I went to college because I wasn’t sure what else I could do. I didn’t have sense enough to understand what college meant or to understand student loans and terms. I knew that the little college town had people who seemed like me—they liked to take LSD and kick a Hacky Sack and listen to the Grateful Dead. College seemed a safe way forward as I moved toward an uncertain future. There had been so many times I wanted to die, to finally be done with the difficulty of surviving. But dying never seemed to be an option. Maybe I never lost my childhood fear that if I couldn’t figure out how to survive my life, someone else would have to be me. School was the only thing that had come easy for me growing up, which set me apart from the majority of people who grew up as I did. Unlike them, when I didn’t know what to do with myself, my ability and desire to perform well at school could easily serve me. It was probably the only aspect of my unconscious thinking that did so.
I had signed up for a philosophy class as an elective but thought I would be an English major.
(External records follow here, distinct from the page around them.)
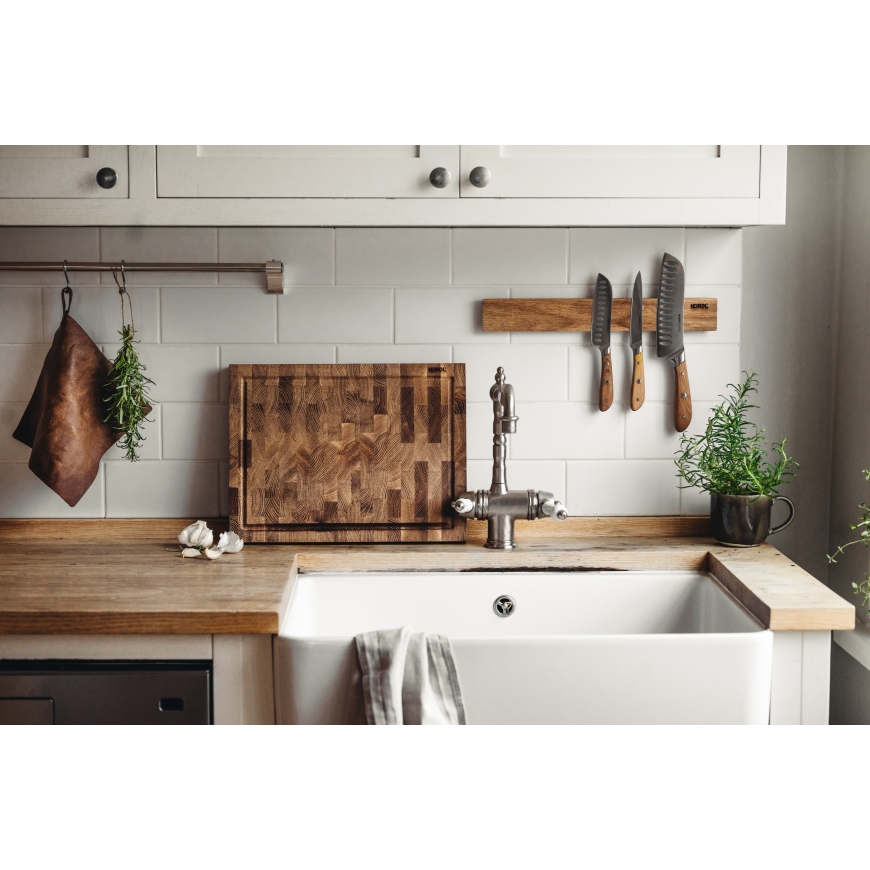 Heirol cutting board with groove, 40 x 30 x 4 cm, oak – 4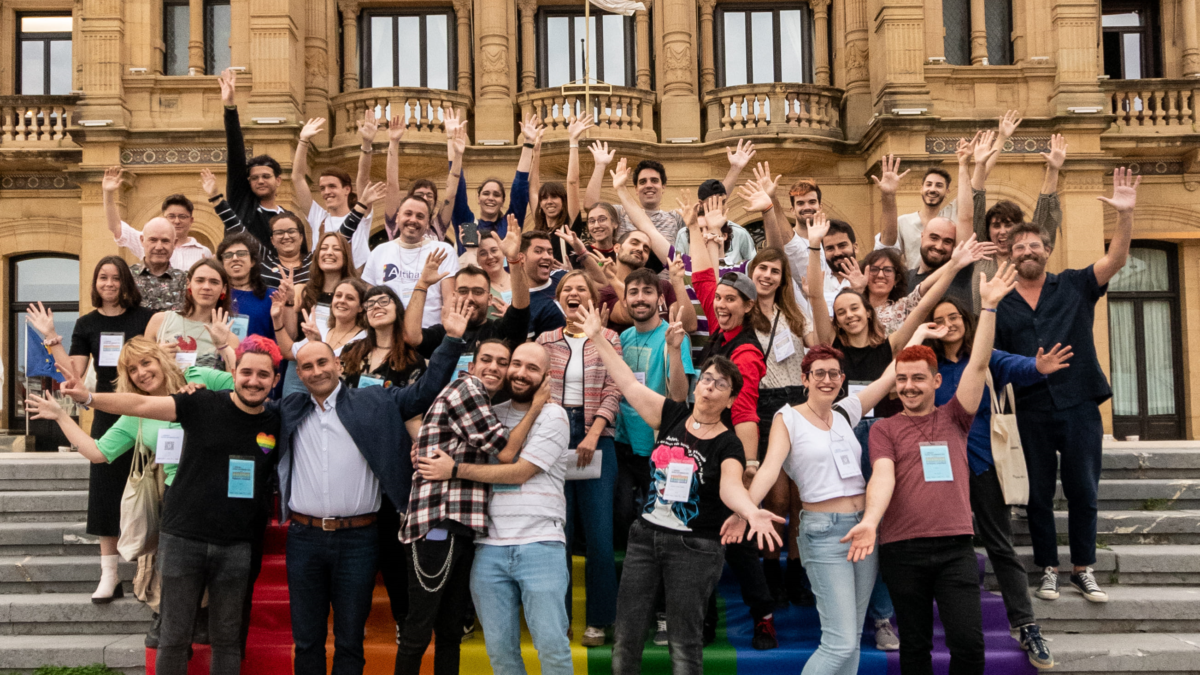 Las XX Jornadas Jóvenes Sin Armarios toman el Palacio de Aiete, en Donostia-San Sebastián.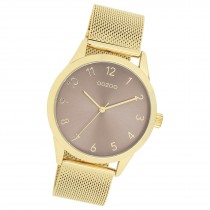 Oozoo Damen Armbanduhr Timepieces Analog Metall gold UOC11323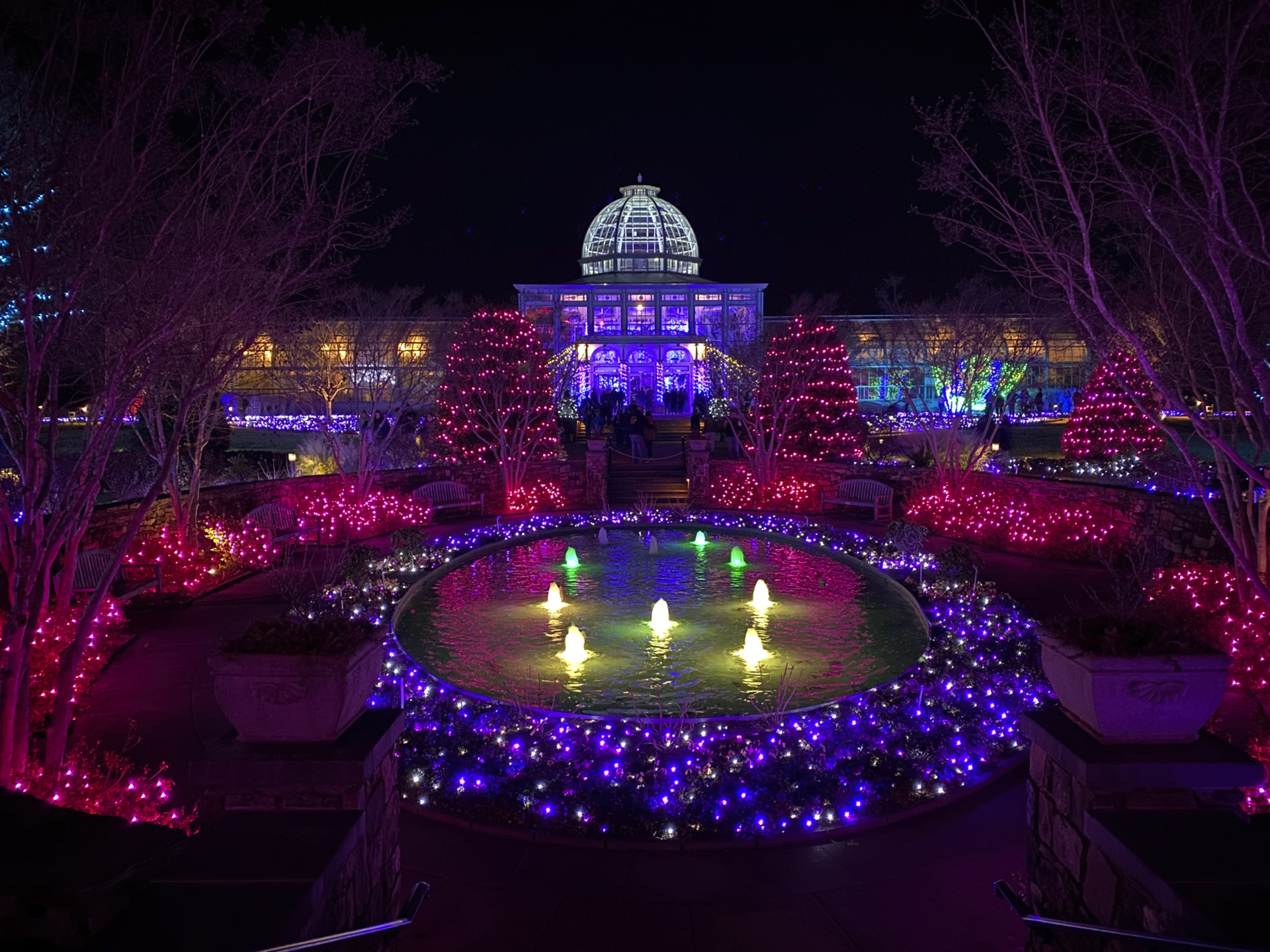 GardenFest of Lights at Lewis Ginter Botanical Garden
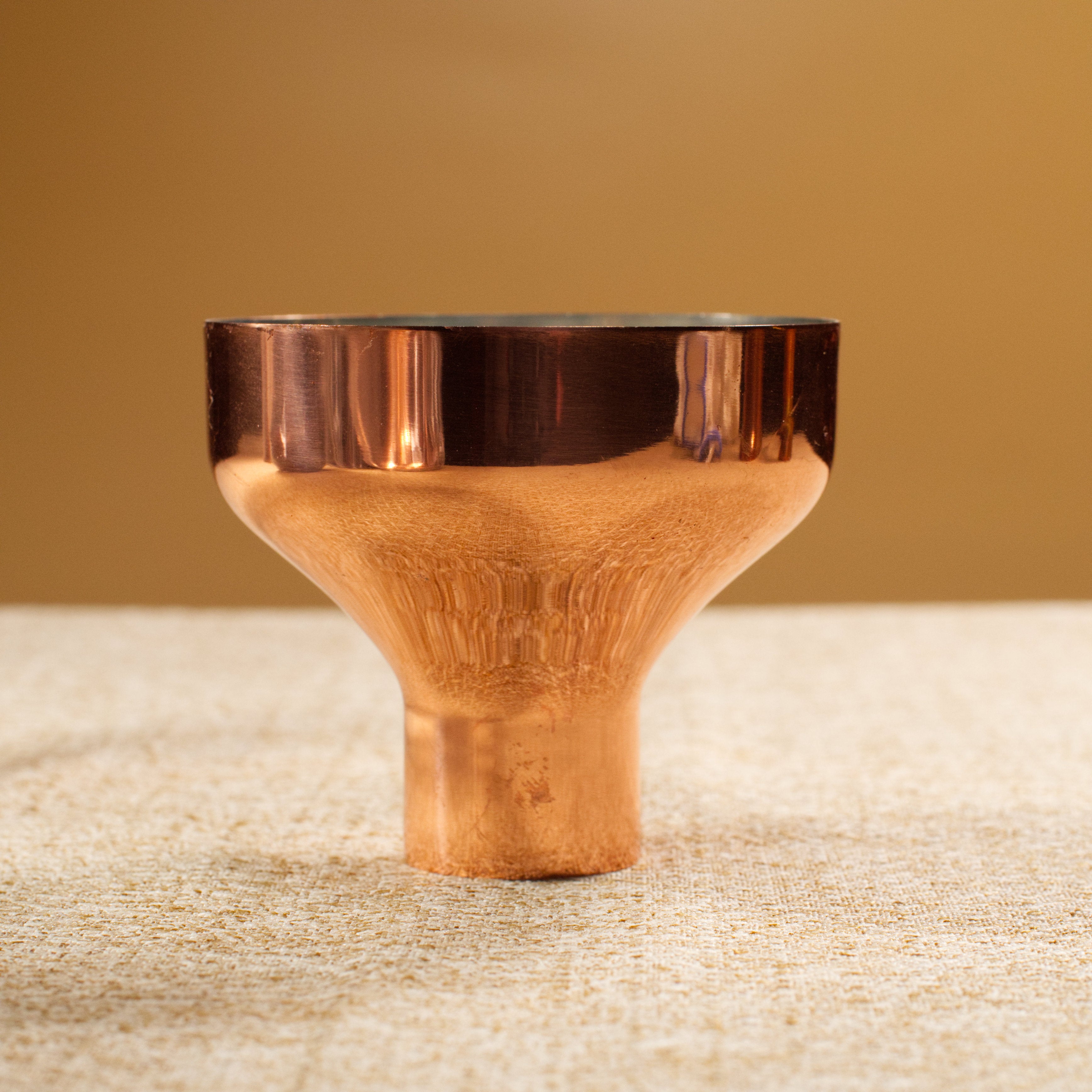Copper dosing funnel for Turkish coffee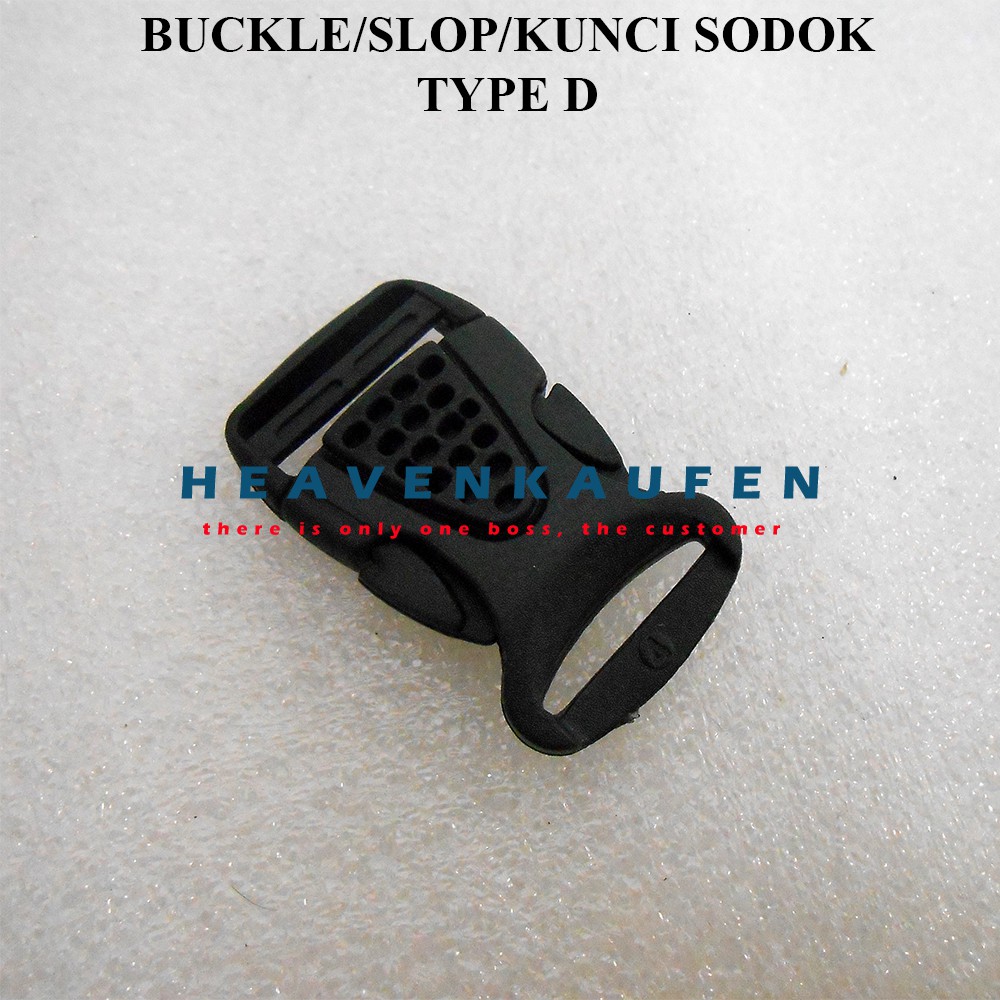 Buckle / Kunci Sodok / Slop 2 cm Plastik Murah Type D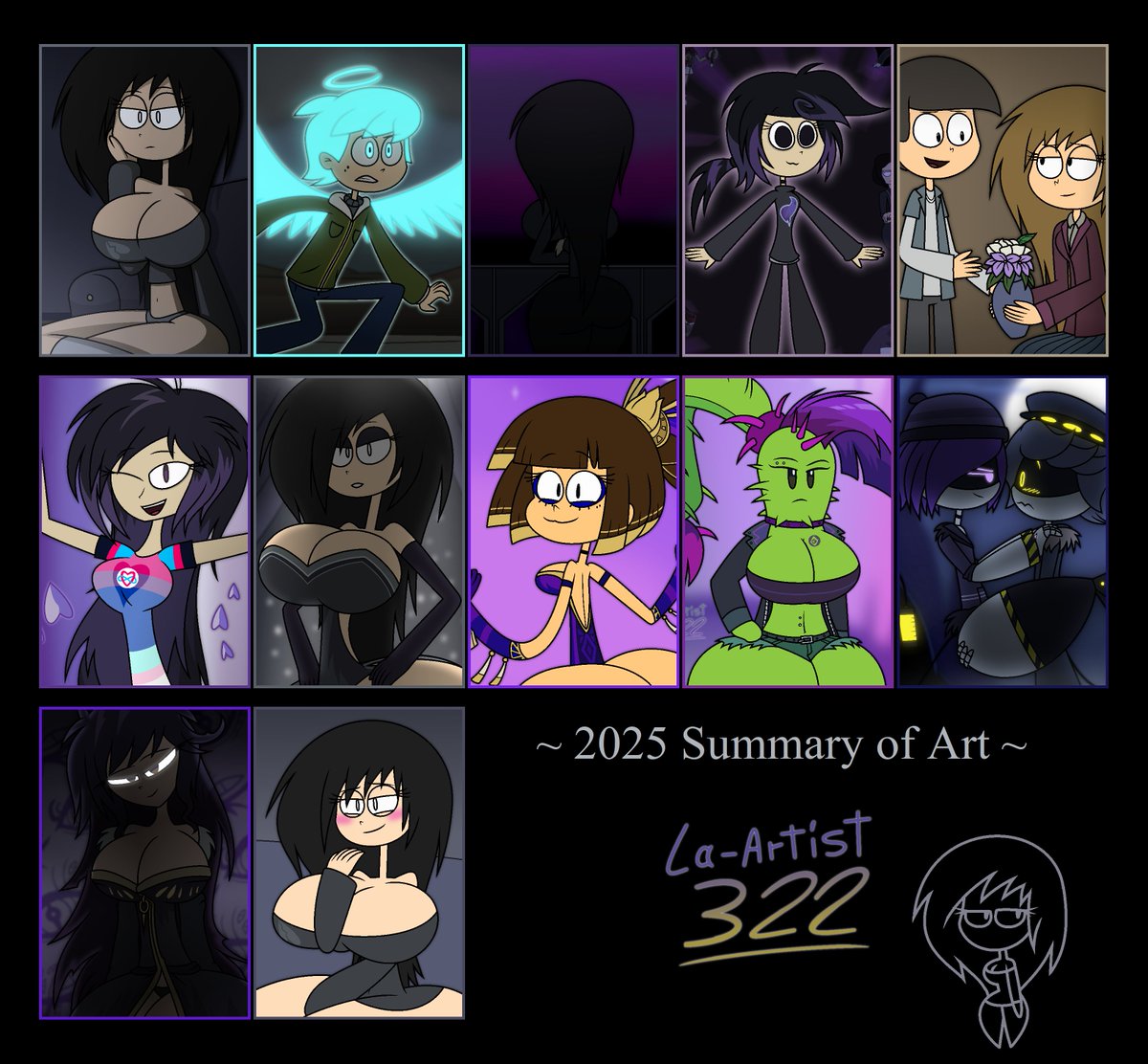 Always went faster then before and I unlikely to keep it as promise but meh, here I am, with new art went masterpieces and amazingly drawn.~
Awhile maybe this time, I'm be more opening in actively. See ya all again~!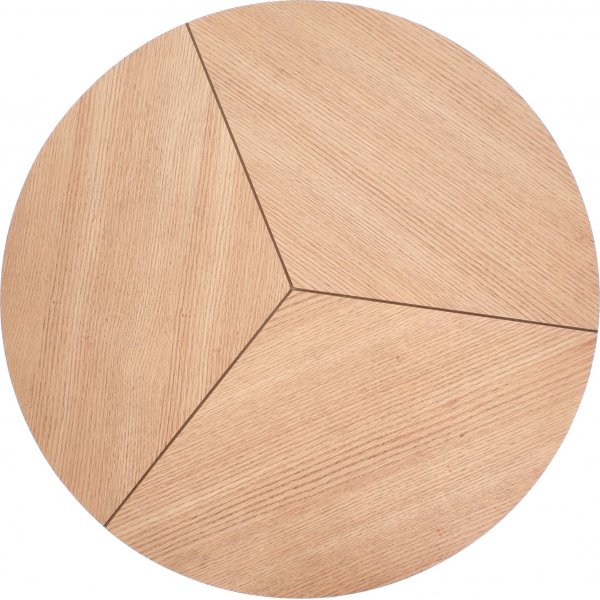 Polos Couchtisch 80 cm - Eiche/schwarz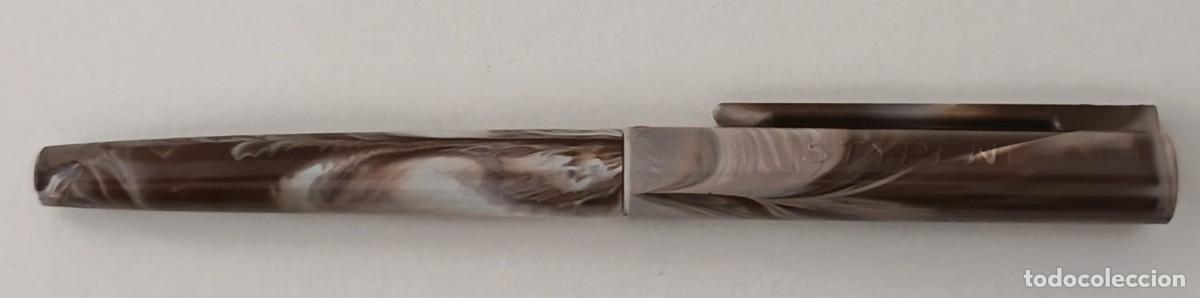 Bol&iacute;grafos antiguos: Pluma. Stypen. Made in France. Estampada. Nueva a estrenar. Antigua.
I found myself surrounded by people who knew words I did not know, which I wrote down and looked up in a dictionary after class, so I would never be in the dark about that particular word again. My professors didn’t mind my questions, and I never ran out of them. Finally, I felt free to ask questions, to argue, to say what I thought. Finally, I was allowed to have a voice.
I ended up with what I thought was a large group of friends. For the first time, a lot of people knew me and seemed to like me. I had a best friend who looked similar to me—long hair, unshaved, and we were both vegan by that time. Many of my friends were hippies and looked it, to varying degrees. I smoked weed, but I usually just did that when I was also going to take psychedelics—otherwise, by the time I was eighteen, smoking weed brought that familiar anxiety rushing back. I drank a little more than I had before—though not much, still. My best friend didn’t mind doing just about anything, like me. When I offered her crystal meth, she snorted it with me, though I was the one who always went just a little too far, who wanted more than anyone around me wanted, whether it was LSD or meth or the conversations my professors offered, which I sought at every turn. All that childhood hunger had left me insatiable.